Contact: Brenon Daly
Having gotten the all clear on this side of the Atlantic, Oracle is now waiting for the EU to sign off on its pending purchase of Sun Microsystems. And the company will have to wait a bit longer. The European Commission has a deadline of September 3 to determine if the deal would violate antitrust measures. If the body decides that it does, a subsequent probe could potentially drag on into 2010.
Granted, there’s a lot at stake in Larry Ellison’s plan to use the acquisition of Sun to turn Oracle into a systems vendor, as opposed to a company that just sells software. (Provided the transaction goes through, Oracle will be in a position to hawk Solaris and Linux servers, all running its own database, middleware and application software on the boxes.) And, as the largest tech buy since Hewlett-Packard purchased EDS in May 2008, Oracle’s $7.4bn reach for Sun is clearly not nickel-and-dime M&A.

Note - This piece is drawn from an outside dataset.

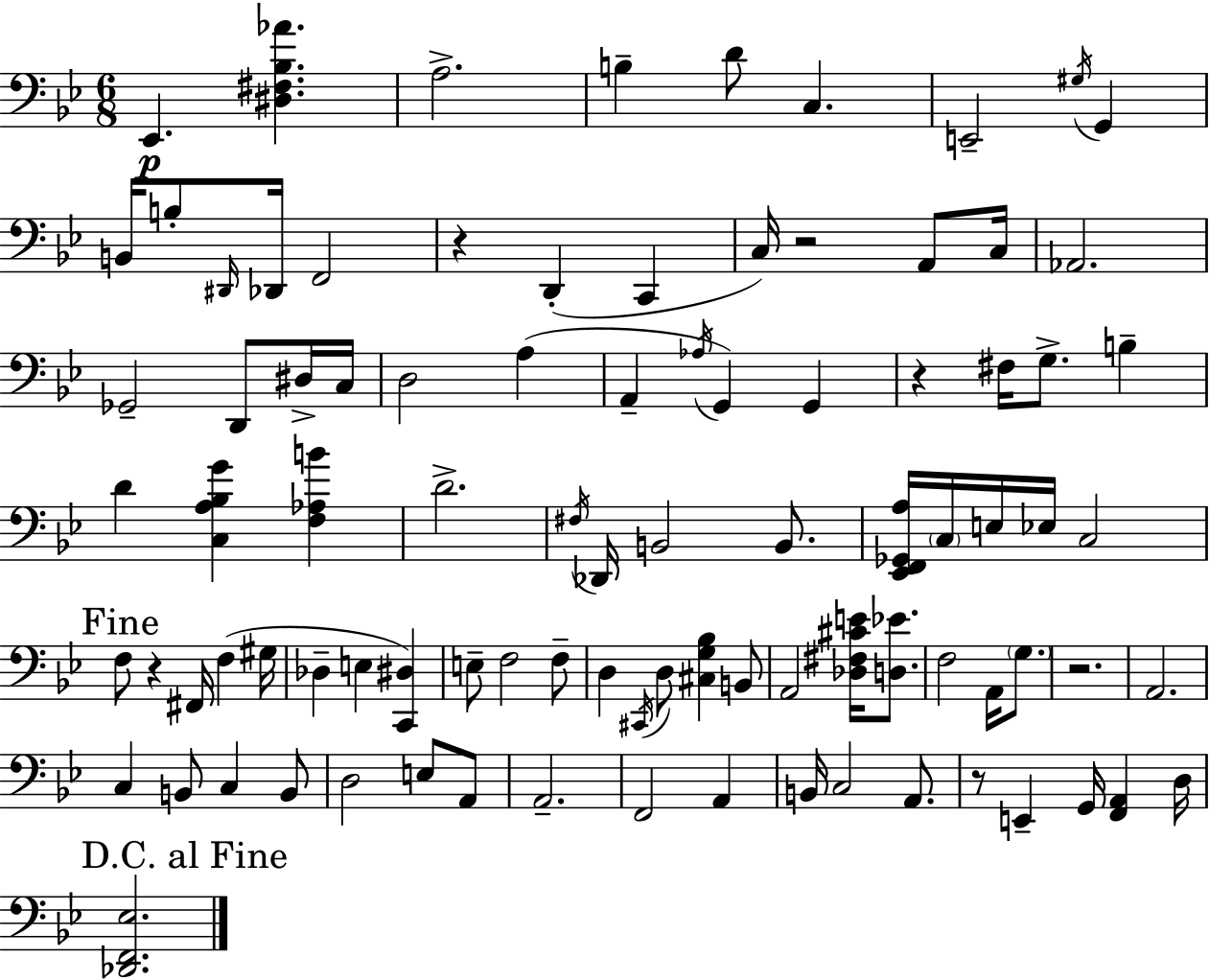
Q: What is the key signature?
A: G minor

But the pace of the review by regulators is absolutely glacial. Consider this fact: It took Oracle just two months to fully negotiate its purchase of Sun, according to proxy material. (Sun chairman Scott McNealy spoke with Ellison about a possible deal in late February; the companies announced the transaction on April 20.) More than twice that amount of time has elapsed since Oracle announced the deal – and regulators in Europe are still mulling it over.